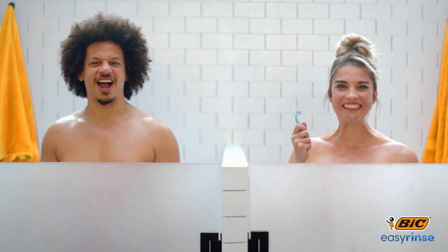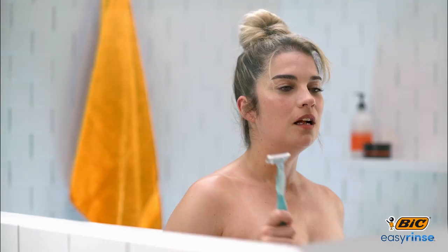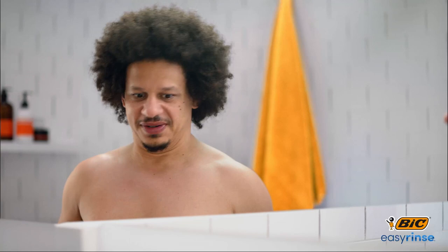Smoother than the margarine I put in my coffee. Smoother than an avocado seed. Less irritating than trying to put a duvet cover on a duvet. Less irritating than my mysterious rash.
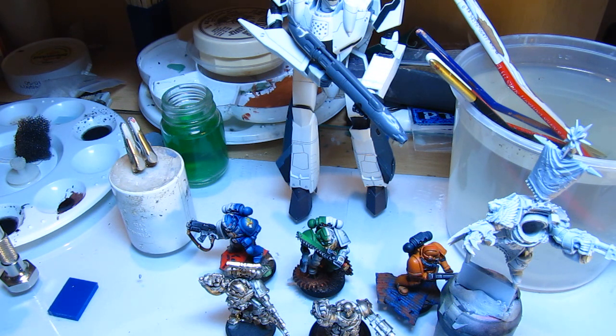Hi guys, Savage Models here. Sorry I haven't been around for a while. I've had a two week break on holidays, then the last two weeks I've been busy busy busy at work. Sorry for that. But now I have got something to show you. So here we go.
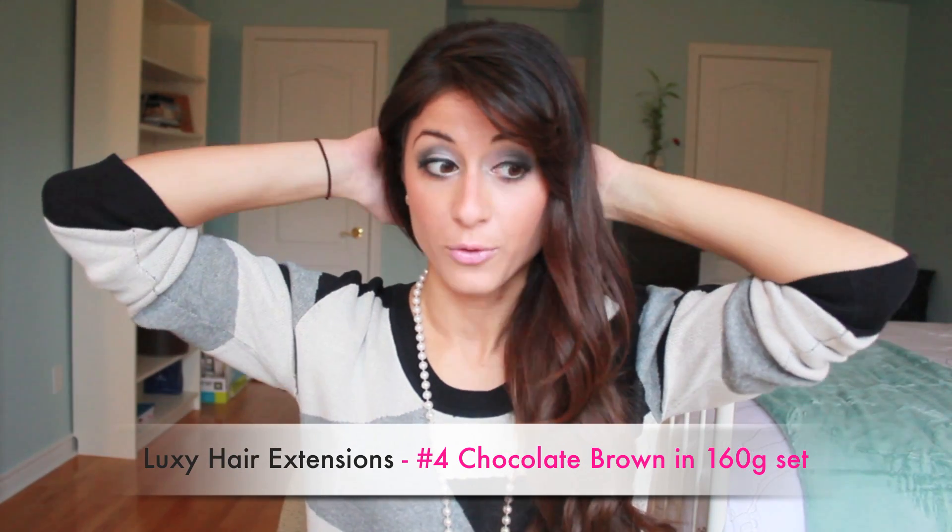What you're gonna need for this look is your hair. I'm wearing my Luxie hair today in chocolate brown, 160 grams set. I'm wearing all of the wefts, so I'm wearing the full set today. You're gonna need a brush and you're gonna need some of these little hair ties that will be matching to your hair color. That's really essential. You can pretty much get these anywhere, at any beauty supply store or any dollar store. They're like a dollar.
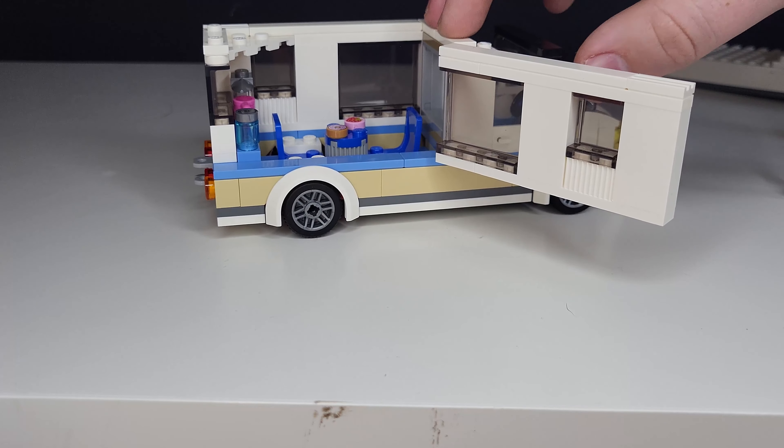I quite like this set — it was quite fun to build and didn't take too long. It's a very basic set, but hopefully we should see it in the Lego City very soon. Thank you.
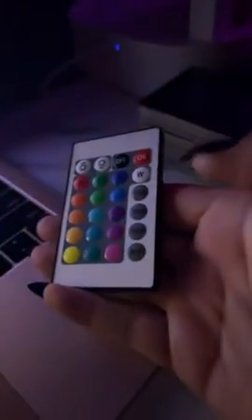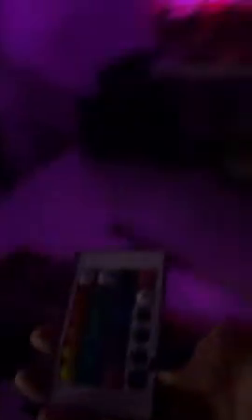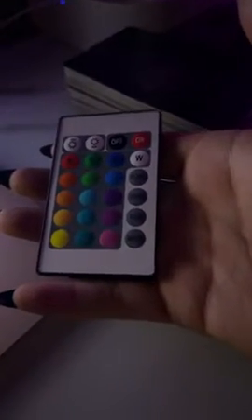My problem is the settings. Right now I don't have it on any setting. Let me see if I can get this in the light so you can see. I want smooth — with smooth, the colors will transition slowly. That's why it's called smooth. And then there's another setting called strobe, or flash, and they're the same thing.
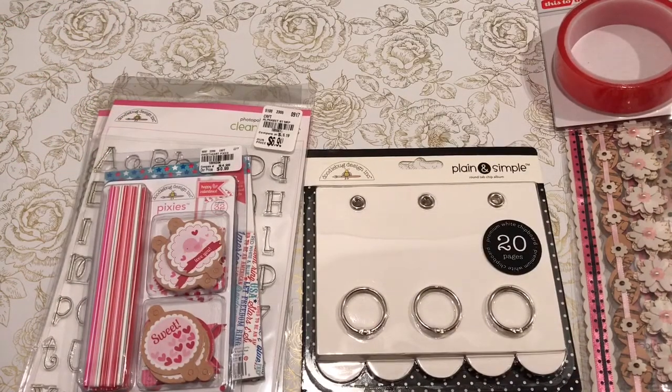Hi everyone, it's Civ. Welcome back to my channel, A Crafty Poodle Mom. I wanted to share with you a Tuesday Morning haul.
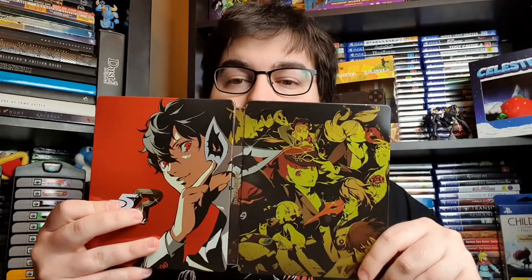Firstly, we've got the game which looks like it is the Steelbook edition. So let's hop into that quickly. I've seen a few people post about the Steelbook — it looks gorgeous. I'm a big Persona 5 fan, Persona fan in general. Let's quickly showcase the Steelbook.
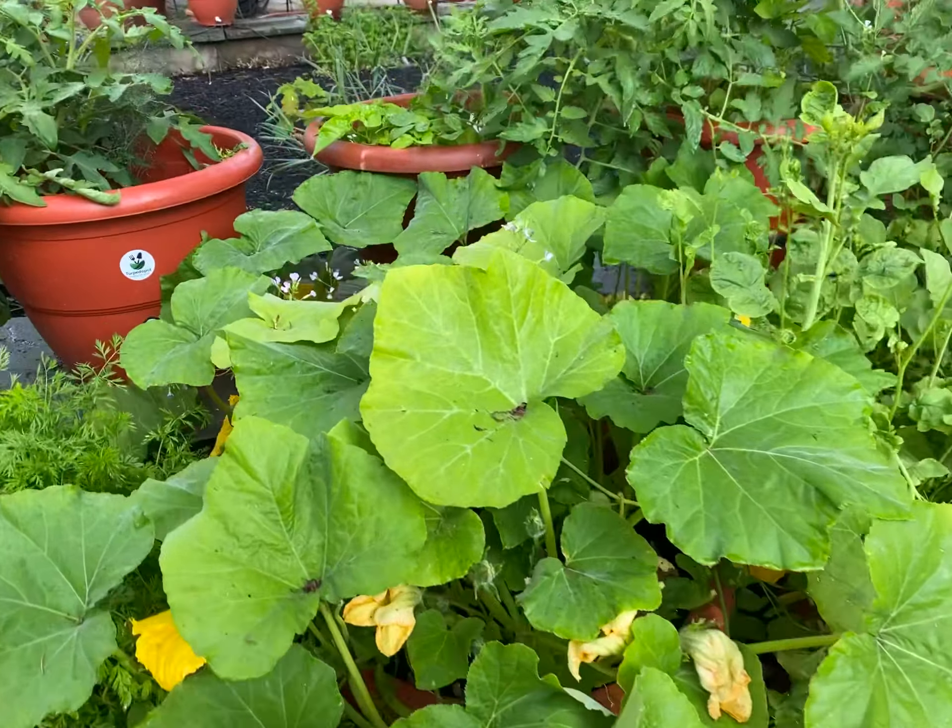Look at that — she is doing so good, and look at her sister over there, she is doing so good also. Forgive me, we had a huge rain yesterday and we are so happy. I wanted to try to pollinate the squash myself because we didn't have a lot of squash bees.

━━━━━━━━━━━━━━━━━━━━━━━━━━━━━━

From the first record above to the last, output each one exactly and omit the pictures.

Smoother than the margarine I put in my coffee. Smoother than an avocado seed. Less irritating than trying to put a duvet cover on a duvet. Less irritating than my mysterious rash.
Hi guys, Savage Models here. Sorry I haven't been around for a while. I've had a two week break on holidays, then the last two weeks I've been busy busy busy at work. Sorry for that. But now I have got something to show you. So here we go.
What you're gonna need for this look is your hair. I'm wearing my Luxie hair today in chocolate brown, 160 grams set. I'm wearing all of the wefts, so I'm wearing the full set today. You're gonna need a brush and you're gonna need some of these little hair ties that will be matching to your hair color. That's really essential. You can pretty much get these anywhere, at any beauty supply store or any dollar store. They're like a dollar.
I quite like this set — it was quite fun to build and didn't take too long. It's a very basic set, but hopefully we should see it in the Lego City very soon. Thank you.
My problem is the settings. Right now I don't have it on any setting. Let me see if I can get this in the light so you can see. I want smooth — with smooth, the colors will transition slowly. That's why it's called smooth. And then there's another setting called strobe, or flash, and they're the same thing.
Hi everyone, it's Civ. Welcome back to my channel, A Crafty Poodle Mom. I wanted to share with you a Tuesday Morning haul.
Firstly, we've got the game which looks like it is the Steelbook edition. So let's hop into that quickly. I've seen a few people post about the Steelbook — it looks gorgeous. I'm a big Persona 5 fan, Persona fan in general. Let's quickly showcase the Steelbook.
Look at that — she is doing so good, and look at her sister over there, she is doing so good also. Forgive me, we had a huge rain yesterday and we are so happy. I wanted to try to pollinate the squash myself because we didn't have a lot of squash bees.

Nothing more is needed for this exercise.